Light, we see by it and at the same time it is invisible.  The more I ponder about light, the more perplexed I become.  Duality is its nature behaving as both a wave and as a particle known as the photon.  We can recognize it as a wave after it interacts with an object and we see various colors.  Its interaction with an object takes place as if it is a photon.  When it is present we can see and in its absence we are blind.  It brings a steady flow of information to our eyes and by it we interpret the world we live in.

Brushes Of Light

Brushes Of Light

But how we see the world and what is really there are two very different things.  It is difficult enough to understand this for a stationary object let alone for one that is constantly moving, like water flowing in a stream.  By the time you see the moving object it has already moved to a new point in space.  Luckily, light moves so fast, 186,000 miles/second, that the distance that something can move in the time that its light reaches our eyes is for all practical purposes so miniscule that we can say we see it in its actual position in space.  Further, its motion is so fluid that we see it as continuous. 

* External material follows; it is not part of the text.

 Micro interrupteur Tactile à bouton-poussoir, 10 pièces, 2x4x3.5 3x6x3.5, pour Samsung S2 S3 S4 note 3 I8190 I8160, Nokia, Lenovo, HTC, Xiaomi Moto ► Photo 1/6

Throw a camera into the mix, which is an intermediary between the photographer who experiences the object and the viewer who only sees the photograph, and it creates a departure from reality.  Due to its technical nature, the camera can either freeze a moment in time or produce the illusion of motion as the object streaks passed its fixed lens.  Then in the hands of the photographer, the photograph itself can be manipulated in such a way as to remove any reference to reality bringing about an abstraction that only hints at the natural presence of light itself.

In the hands of the photographer, the one who writes with light, art is created through a simple tool of capture – the camera. Handled deftly, and the camera moves beyond mere capture, and becomes the translator of the intent of not just the photographer but of the artist within as well.